Several military cyclists are buried just by the Moscow Kremlin Wall. Even a street in the capital is named in their honor.
They could approach the enemy's positions quickly, quietly and unexpectedly, strike hard and no less swiftly escape. In the early 20th century, when cavalry was already a thing of the past, but the era of motorized infantry hadn't yet arrived, mobile bicycle troops were hugely popular in the armed forces of different countries around the world.
There is neither a need to feed the bicycle nor fill it up. It doesn't require any special repair, while it can carry small loads - something a human couldn't do. Moving at the same speed as a cavalry (6-12 km/h), bicycle troops could cover a distance of up to 120 kilometers in 24 hours. All that was needed was a decent road and warm weather.
Signal unit of the Red Latvian Riflemen in the Kremlin, 1918.
Military bicyclists were called samokatchiki ("bicycle infantry") in the Russian Empire. Its first bicycle units date back to 1891. Having left their two-wheelers in the rear, the soldiers were to fight as conventional infantry, but, in contrast to it, they boasted a number of advantages in speed and maneuverability. By 1917, over 30 bicycle units had been formed in the Imperial Russian Army.
Bicyclists of the Imperial Russian Army, circa 1916.
The bicycle troops' arsenal included handguns, machine guns, mortars and grenades, which were attached to bicycle frames with special brackets. Part of the equipment and ammunition could be carried on large bike racks (or in cargo baskets).
Bicycle troops during the parade on Red Square, 1938.
The Russian bicycle infantry were initially equipped with French 'Peugeot Gerard' bikes. In the course of World War I, they were replaced with Russian-made Dux Boevoy ("Dux combat") ones, designed by Russian inventor Mikhail Shchipanov and considered the best in the world at the time.

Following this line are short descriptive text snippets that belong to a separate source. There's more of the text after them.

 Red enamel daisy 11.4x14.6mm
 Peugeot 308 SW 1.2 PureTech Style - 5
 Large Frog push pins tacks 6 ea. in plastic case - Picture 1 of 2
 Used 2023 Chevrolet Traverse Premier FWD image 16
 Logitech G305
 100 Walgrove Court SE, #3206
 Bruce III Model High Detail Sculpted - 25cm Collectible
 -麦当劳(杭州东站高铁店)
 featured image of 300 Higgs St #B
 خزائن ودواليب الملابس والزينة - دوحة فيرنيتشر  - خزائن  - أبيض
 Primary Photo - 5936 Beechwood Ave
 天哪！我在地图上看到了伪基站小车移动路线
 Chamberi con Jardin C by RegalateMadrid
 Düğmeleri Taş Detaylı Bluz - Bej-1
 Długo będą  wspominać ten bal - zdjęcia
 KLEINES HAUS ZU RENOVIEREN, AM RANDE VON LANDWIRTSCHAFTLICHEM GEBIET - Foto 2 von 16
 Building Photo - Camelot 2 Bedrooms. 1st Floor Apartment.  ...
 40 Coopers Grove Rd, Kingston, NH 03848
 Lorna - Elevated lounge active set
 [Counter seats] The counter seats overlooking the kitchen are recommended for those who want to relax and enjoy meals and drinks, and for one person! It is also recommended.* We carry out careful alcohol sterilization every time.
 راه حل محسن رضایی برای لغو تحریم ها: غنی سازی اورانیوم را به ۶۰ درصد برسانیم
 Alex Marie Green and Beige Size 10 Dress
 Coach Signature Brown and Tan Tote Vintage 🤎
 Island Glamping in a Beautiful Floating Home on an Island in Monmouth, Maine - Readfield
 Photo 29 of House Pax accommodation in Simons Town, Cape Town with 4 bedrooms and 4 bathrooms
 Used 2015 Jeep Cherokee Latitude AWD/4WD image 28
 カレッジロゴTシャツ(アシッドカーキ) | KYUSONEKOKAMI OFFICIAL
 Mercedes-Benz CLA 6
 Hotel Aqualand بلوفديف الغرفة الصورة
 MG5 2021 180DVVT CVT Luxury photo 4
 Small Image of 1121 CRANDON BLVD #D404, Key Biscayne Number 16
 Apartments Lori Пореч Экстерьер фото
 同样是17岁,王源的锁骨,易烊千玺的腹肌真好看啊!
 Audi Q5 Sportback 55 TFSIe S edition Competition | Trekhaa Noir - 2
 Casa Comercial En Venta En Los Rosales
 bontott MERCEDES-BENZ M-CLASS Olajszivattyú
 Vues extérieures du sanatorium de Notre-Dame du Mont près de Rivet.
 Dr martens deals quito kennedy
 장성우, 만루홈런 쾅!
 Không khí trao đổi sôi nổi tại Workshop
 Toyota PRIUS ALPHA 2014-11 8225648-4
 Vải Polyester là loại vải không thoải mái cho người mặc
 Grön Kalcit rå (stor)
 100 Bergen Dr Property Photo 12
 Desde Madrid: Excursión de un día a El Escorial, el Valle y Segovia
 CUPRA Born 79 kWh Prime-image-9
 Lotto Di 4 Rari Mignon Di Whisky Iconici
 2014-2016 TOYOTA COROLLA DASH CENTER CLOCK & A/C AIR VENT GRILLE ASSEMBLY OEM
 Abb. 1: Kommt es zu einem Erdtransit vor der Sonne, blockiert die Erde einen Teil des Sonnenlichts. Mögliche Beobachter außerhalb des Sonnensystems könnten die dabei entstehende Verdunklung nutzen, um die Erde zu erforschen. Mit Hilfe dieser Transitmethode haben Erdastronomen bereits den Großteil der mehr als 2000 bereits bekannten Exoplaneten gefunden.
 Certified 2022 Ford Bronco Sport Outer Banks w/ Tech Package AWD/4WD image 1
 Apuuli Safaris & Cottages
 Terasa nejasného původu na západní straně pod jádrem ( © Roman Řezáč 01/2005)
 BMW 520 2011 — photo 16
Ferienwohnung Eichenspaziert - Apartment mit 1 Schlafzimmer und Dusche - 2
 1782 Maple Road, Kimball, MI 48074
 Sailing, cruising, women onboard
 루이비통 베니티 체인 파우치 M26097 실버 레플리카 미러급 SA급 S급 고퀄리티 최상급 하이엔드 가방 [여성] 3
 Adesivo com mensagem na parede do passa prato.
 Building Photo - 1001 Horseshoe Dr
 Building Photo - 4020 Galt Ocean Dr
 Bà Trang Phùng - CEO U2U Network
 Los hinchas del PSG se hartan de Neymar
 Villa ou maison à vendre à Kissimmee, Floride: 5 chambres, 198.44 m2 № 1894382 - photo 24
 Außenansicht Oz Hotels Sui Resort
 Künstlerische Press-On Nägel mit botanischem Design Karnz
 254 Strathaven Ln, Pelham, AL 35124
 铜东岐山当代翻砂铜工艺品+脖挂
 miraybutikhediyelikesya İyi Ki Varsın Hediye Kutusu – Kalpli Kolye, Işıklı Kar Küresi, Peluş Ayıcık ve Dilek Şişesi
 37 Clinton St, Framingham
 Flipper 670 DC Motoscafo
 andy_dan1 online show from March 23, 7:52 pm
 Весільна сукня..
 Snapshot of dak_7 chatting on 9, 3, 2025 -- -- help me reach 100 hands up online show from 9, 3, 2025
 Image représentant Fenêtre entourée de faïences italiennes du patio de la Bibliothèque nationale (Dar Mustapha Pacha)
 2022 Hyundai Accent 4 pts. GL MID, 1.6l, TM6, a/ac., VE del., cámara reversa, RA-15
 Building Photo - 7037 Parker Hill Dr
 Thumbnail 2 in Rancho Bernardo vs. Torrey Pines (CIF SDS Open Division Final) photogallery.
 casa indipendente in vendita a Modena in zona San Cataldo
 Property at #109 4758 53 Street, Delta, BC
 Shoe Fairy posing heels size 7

Samokatchiki unit in 1918.
On the battlefields of the "Great War", the bicycle troops were deployed as scouts or signal personnel; also, they were supposed to cover the cavalry and infantry. Thanks to their noiselessness, they launched effective night attacks against the enemy. The command also used them as a highly mobile reserve force to compensate for defense breaches or, alternatively, to strengthen the army's position in enemy territory more quickly during offensives. Due to their specific nature, bicycle units didn't typically take hostages.
Members of a Boshevik mechanised unit in 1919.
Slava Katamidze Collection/Getty Images
The bicycle infantry even became the heroes of the 1917 Revolution. In November, Moscow saw fighting break out between the supporters and opponents of the new authorities and the reserve bike battalion, which was stationed in the city, sided with the Bolsheviks. Three killed members of the unit were subsequently buried by the Kremlin Wall, while Novoblagoslovennaya Street was renamed Samokatnaya in their honor.
Parade on Red Square.
Bicycle troops were widely used during the Civil War in Russia. Vehicles were supplied to the White movement by the Entente, whereas the Bolsheviks mostly seized them from locals. On August 1,1919, they even proclaimed the so-called "bicycle mobilization".
The People's Militia in 1941.
Bicycles didn't enjoy as much popularity in the Red Army during World War II, as in the Wehrmacht or the Finnish armed forces. In the course of the military confrontation, which was a heavy burden for the USSR, the Soviet industry couldn't afford their mass production. So, bicycle supplies largely came to the country as part of war trophies.
During the mechanized war, few military bicyclists were engaged in warfare. One of the units that took part in combat was the First Bicycle-motorcycle Brigade, which apart from a bicycle unit also included a motorcycle regiment and armored troops. In the summer and fall of 1942, the brigade fought the enemy fiercely in the vicinity of Rzhev.
Although during the war, bicyclists could still be engaged in fulfilling special tasks and scouting missions, they mostly served in signal corps. "Most often, we had to 'run' between regiment headquarters and those of divisions," veteran Vladimir Fomin recalled. "Setting out on a new 'raid', we got used to wrapping sealed envelopes and packages with orders and battle reports around a grenade, so that in the case of obvious danger we could set it off and destroy the classified staff documents that we had been entrusted with (yet, it never really went that far)."
Soviet soldier during the Battle for Budapest.